- DATA EXTRACT:

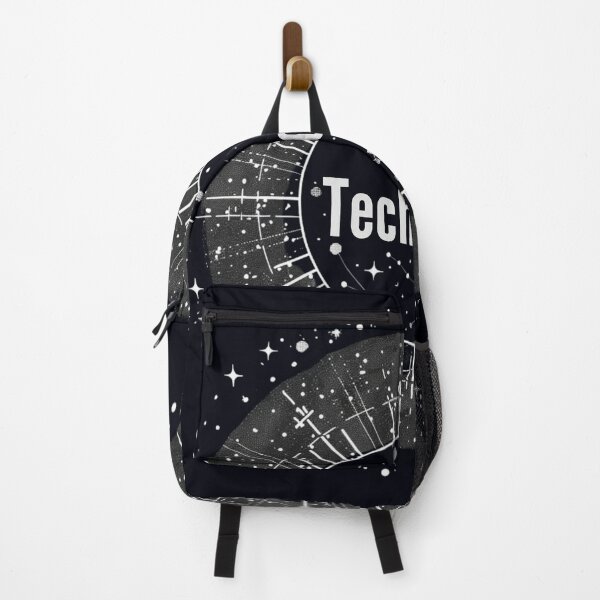 Item preview, Digital Constellation: Serif Technology Emblem designed and sold by Ace Apparel Attire.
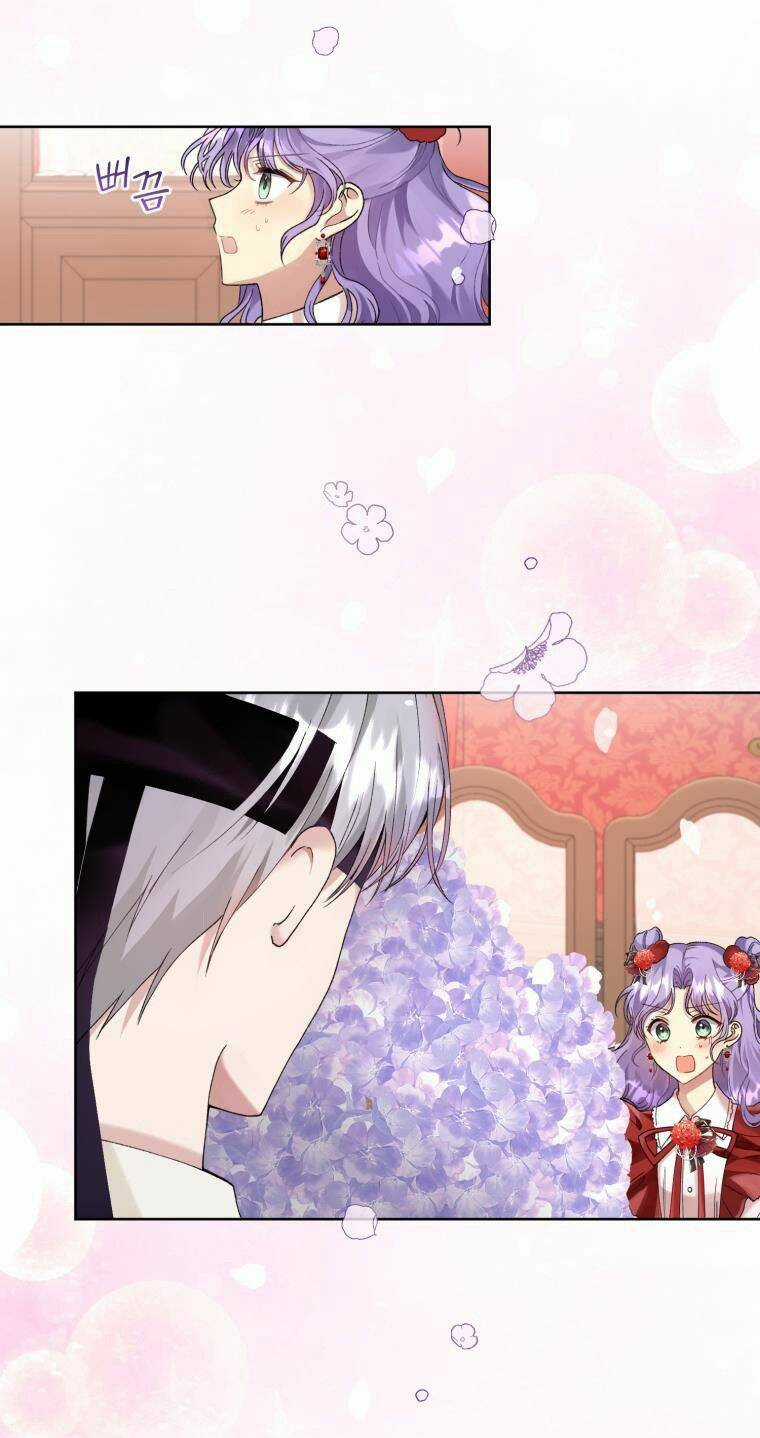 Tôi Là Vị Hôn Thê Của Nam Phụ Phản Diện Chapter 8 trang 53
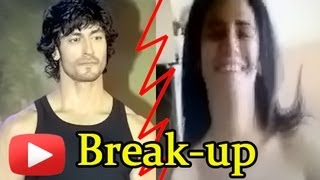 Vidyut Jamwal  Mona Singh Break Up Over Monas MMS Clip [upl. by Ahgiela]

- YOUR INSTRUCTIONS: The listing above must be repeated exactly. Its pictures are not part of the copy.

- YOUR RESPONSE:
 Item preview, Digital Constellation: Serif Technology Emblem designed and sold by Ace Apparel Attire.
 Tôi Là Vị Hôn Thê Của Nam Phụ Phản Diện Chapter 8 trang 53
 Vidyut Jamwal  Mona Singh Break Up Over Monas MMS Clip [upl. by Ahgiela]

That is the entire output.